__What the exercise asks__: Return each line of the data below that contains the string "Used".

__Data for this exercise__:
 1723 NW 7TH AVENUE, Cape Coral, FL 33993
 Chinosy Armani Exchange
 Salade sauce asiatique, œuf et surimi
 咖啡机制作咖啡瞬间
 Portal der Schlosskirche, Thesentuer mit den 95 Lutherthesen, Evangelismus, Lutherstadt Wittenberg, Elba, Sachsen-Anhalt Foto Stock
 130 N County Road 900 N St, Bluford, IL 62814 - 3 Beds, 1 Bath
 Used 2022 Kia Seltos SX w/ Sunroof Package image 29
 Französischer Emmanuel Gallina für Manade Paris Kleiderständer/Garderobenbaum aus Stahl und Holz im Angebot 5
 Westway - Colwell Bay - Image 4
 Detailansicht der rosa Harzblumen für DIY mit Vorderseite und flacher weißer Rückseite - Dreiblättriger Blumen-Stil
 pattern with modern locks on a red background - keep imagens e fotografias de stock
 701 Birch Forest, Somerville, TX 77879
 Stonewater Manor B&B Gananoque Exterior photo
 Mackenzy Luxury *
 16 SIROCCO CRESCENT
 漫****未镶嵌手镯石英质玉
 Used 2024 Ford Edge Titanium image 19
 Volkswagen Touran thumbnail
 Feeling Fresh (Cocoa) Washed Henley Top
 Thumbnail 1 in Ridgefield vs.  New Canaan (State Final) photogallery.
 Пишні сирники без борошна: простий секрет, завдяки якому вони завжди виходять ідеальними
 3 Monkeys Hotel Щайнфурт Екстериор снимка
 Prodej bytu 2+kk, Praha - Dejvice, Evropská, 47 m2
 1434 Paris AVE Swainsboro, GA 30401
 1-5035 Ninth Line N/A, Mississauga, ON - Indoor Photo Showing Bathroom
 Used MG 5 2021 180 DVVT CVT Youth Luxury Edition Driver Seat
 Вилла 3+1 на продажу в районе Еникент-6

__Written reply__:
 Used 2022 Kia Seltos SX w/ Sunroof Package image 29
 Used 2024 Ford Edge Titanium image 19
 Used MG 5 2021 180 DVVT CVT Youth Luxury Edition Driver Seat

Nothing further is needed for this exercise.